La Suisse ne fait pas exception. Dans un passé récent, plus de 25 homicides de ce type ont en moyenne ébranlé la Suisse chaque année, a indiqué en mai l’Office fédéral de la statistique. Autrement dit: une femme meurt en Suisse toutes les deux semaines en raison des violences infligées par son partenaire.

Une question de pouvoir et de contrôle

«Quand il y a homicide ou tentative d’homicide, c’est toujours lié à une question de pouvoir et de contrôle», dit Nadja Schüepp, travailleuse sociale et collaboratrice du Centre de conseilLien externe pour les femmes victimes de violences dans le mariage et le partenariat de Zurich. L’an dernier, cette institution a apporté ses conseils à plus de 2000 femmes.

Les raisons des agressions contre les femmes sont variées et vont de l’abus d’alcool aux troubles de la personnalité, en passant par des violences subies dans le passé et mal digérées. De nombreux hommes qui frappent leurs compagnes croient devoir exercer un contrôle sur elles, dit Nadja Schüepp. Si la femme s’y oppose ou fixe des limites à ce contrôle, l’homme peut avoir l’impression qu’elle remet en question ce qu’il considère comme son autorité. Il réagit par la violence, exploitant sa supériorité physique. «Souvent, l’idée derrière un féminicide est la suivante: moi, on ne me quitte pas. L’homme préfère voir sa compagne morte que détachée de lui», explique la travailleuse sociale.

Médecin légiste

Ici aussi, dans le canton de Schwytz, la police intervient pour un «délit résultant d’un conflit relationnel». La violence domestique survient indépendamment de l’origine sociale, de la formation ou des moyens financiers.

(Keystone / Urs Flueeler)

Mais même si en Suisse les féminicides sont volontiers considérés – également dans les médias – comme le résultat d’un conflit relationnel ou d’une escalade subite, ils sont souvent le dernier acte d’une longue suite de violences.
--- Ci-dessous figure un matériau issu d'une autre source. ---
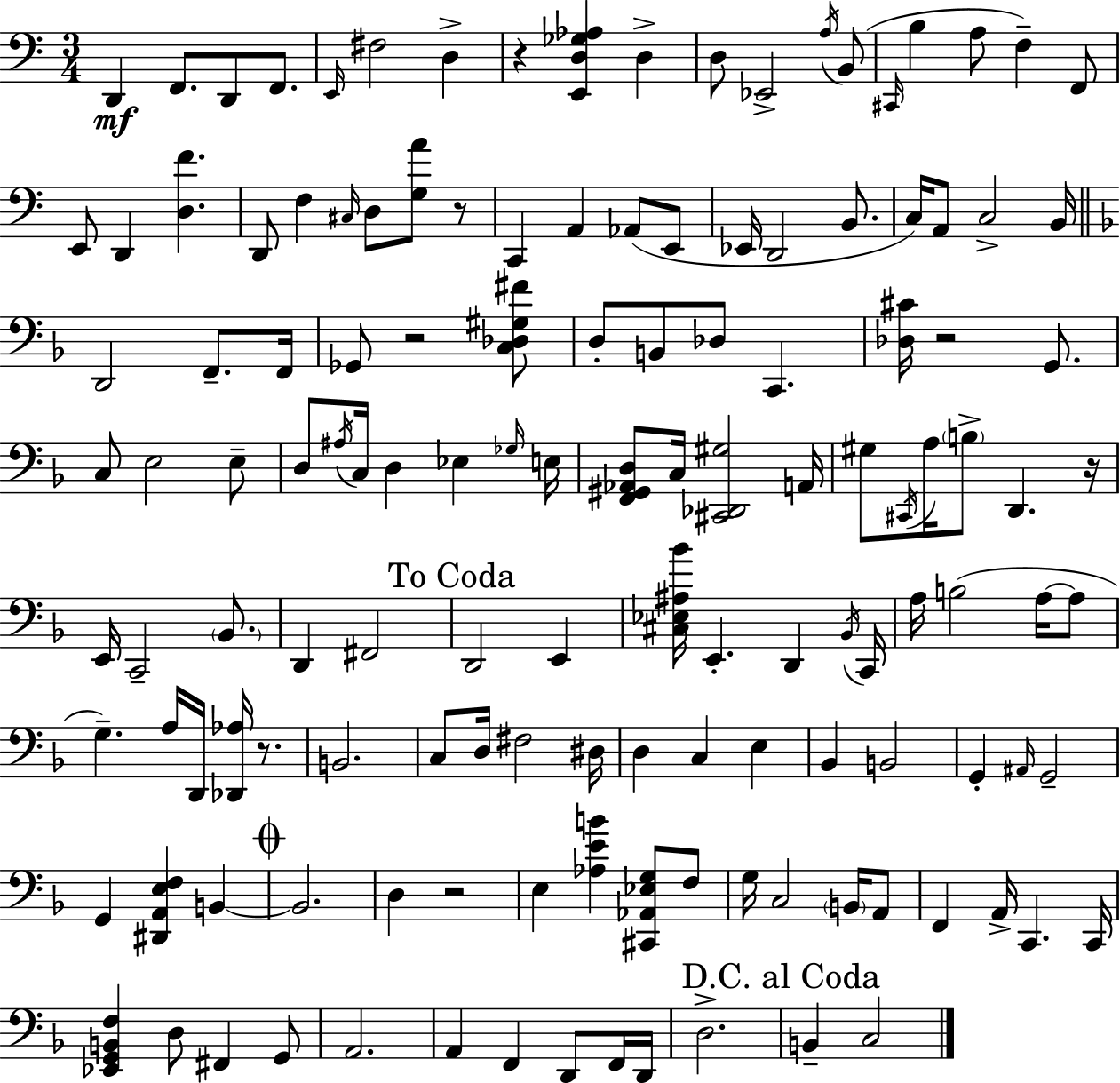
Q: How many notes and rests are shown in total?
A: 137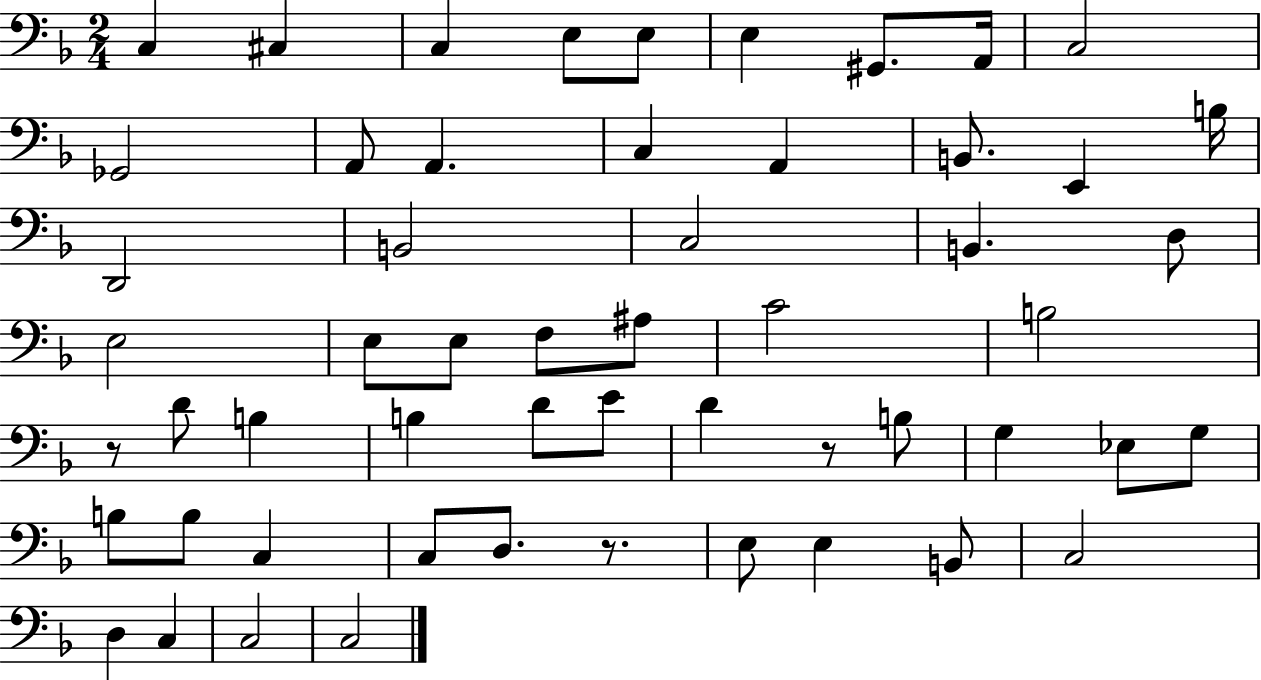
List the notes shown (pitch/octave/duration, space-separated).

C3/q C#3/q C3/q E3/e E3/e E3/q G#2/e. A2/s C3/h Gb2/h A2/e A2/q. C3/q A2/q B2/e. E2/q B3/s D2/h B2/h C3/h B2/q. D3/e E3/h E3/e E3/e F3/e A#3/e C4/h B3/h R/e D4/e B3/q B3/q D4/e E4/e D4/q R/e B3/e G3/q Eb3/e G3/e B3/e B3/e C3/q C3/e D3/e. R/e. E3/e E3/q B2/e C3/h D3/q C3/q C3/h C3/h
Dans près de la moitié des cas d’homicides, les femmes qui en ont été les victimes avaient déjà été menacées ou agressées par leur compagnon. Et dans 39% des cas, la police avait connaissance de ces incidents.
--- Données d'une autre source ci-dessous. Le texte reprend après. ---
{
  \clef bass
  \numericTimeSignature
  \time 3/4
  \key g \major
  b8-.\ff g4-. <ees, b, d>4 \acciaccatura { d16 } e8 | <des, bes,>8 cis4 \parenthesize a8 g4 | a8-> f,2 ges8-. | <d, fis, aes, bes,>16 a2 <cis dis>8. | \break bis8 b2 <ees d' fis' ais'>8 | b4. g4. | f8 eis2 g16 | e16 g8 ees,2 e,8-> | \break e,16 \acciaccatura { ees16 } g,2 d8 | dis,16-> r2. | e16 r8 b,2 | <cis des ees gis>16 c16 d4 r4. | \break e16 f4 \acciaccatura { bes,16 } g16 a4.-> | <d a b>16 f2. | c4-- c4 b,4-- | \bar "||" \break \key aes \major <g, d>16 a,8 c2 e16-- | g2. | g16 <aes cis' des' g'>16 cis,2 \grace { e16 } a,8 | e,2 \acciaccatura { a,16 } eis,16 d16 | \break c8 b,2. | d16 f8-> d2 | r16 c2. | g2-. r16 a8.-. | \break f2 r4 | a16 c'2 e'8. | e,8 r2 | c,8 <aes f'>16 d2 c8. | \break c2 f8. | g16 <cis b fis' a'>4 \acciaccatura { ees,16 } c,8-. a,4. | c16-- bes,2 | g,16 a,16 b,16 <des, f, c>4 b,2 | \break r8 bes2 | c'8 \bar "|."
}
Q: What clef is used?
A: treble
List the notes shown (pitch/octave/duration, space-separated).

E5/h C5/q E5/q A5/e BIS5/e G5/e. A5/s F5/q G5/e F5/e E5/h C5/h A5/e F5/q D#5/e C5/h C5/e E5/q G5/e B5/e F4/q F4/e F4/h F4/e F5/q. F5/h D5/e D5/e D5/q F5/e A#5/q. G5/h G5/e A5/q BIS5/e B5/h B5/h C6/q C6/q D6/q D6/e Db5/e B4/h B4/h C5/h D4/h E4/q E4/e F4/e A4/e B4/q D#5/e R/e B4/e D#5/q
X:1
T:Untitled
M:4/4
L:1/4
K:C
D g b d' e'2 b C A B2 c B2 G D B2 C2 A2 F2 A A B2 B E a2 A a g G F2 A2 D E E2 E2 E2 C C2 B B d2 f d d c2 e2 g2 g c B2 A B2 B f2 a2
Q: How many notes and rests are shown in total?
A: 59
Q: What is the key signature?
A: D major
Cinq victimes en l’espace de quelques jours

Un nouvel homicide s’est encore produit tout récemment. Une femme de 34 ans, mère de plusieurs enfants, a été tuée par l’époux dont elle était séparée. L’homme était connu de la police depuis longtemps. Il avait déjà été arrêté et était frappé d’une interdiction de contact et d’une interdiction de zone. Mais un bref moment a suffi pour qu’il pénètre à nouveau dans le monde de son épouse et la fasse payer, probablement pour avoir blessé son ego.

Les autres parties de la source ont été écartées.